2
votes

In GCP Monitoring and alerting, I was trying to add an alert policy of API request count in sum within one day. (maps-backend.googleapis.com)

My metrics setting images

As the above attached picture shows, I can see correct value and chart on my metrics. At any point my value is above 500, but the trigger of threshold 300 doesn't trigger at all. But when I set my threshold to 100, I got an alert email that told me the value was like one hundred something, which means my notification channel is working fine.

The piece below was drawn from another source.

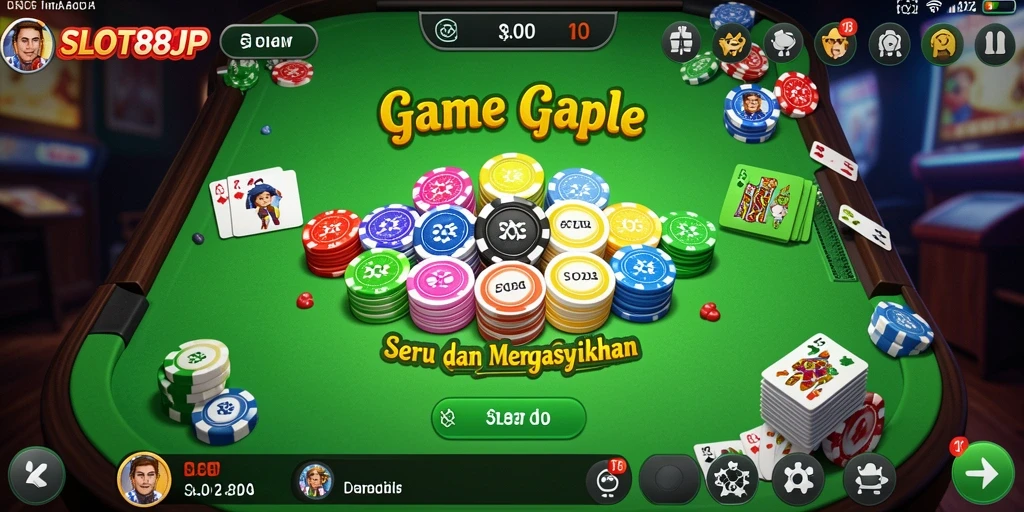 Screenshot SLOT88JP menampilkan serunya gameplay Gaple.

Here is my settings for my metrics and alert condition:

Resource type: Consumed API
Metric: Request count

Filter
credential_id: XXXXXX
credential_id: XXXXXX
service: maps-backend.googleapis.com

Aggregator: sum

In Advanced Aggregation
Aligner: sum
Alignment Period: 1 day

Configuration
Condition triggers if: Any time series violates
Condition: is above
Threshold: 300
For: most recent value

How to correctly monitor and alert API request count/usage in sum within one day?

1
Once a policy has triggered an alert, an unresolved incident appears. It never gets resolved because the aggregated number of API requests shown on your graph never falls below the threshold. This incident prevents the policy from triggering subsequent incidents and sending subsequent alerts regarding the same incident. As soon as you resolve it manually, alerting policy gets back to the "armed condition", and gets ready to trigger the next incident and notification. - mebius99
Thanks for answering! However, first i set threshold to 100, and I got and alert mail. Then I set threshold back to 300, I got an email that told me the problem is resolved. I also tried with new alert policy with threshold 300 and it doesnt trigger either. I think the problem is that even though I can see my value is way above 300, but actually the monitoring value is always below 300. (which I believed is always around 100-200) - Yao
Each time you change alerting configuration, it triggers once based on the new condition, but after triggering it remains silent until you resolve the linked incident. Regarding the values and thresholds I guess it is all about effects that Alignment brings as described here: Monitoring > Doc > Selecting metrics > Additional configuration > Alignment. The absolute values depend on the alignment period, at least for the "sum" aligner. Perhaps it makes sense to experiment with the Alignment settings. - mebius99
Thanks a lot! However, I still cant fix my problem mentioned at the begining. As an alternitive, I monitor and alert it by Consumer Quota, Quota limit, my service name, and sum the count together during 1 day interval, and it works! - Yao
Nice to hear that you managed to find a workaround. If the workaround has proved that is does what you need, it would be nice if you posted an answer here and shared detailed settings with the community. - mebius99

1 Answers

0
votes

As a workaround, it is possible to monitor and alert it by Consumer Quota, Quota limit, the service name, then summarize during the daily interval. This way it does what is needed.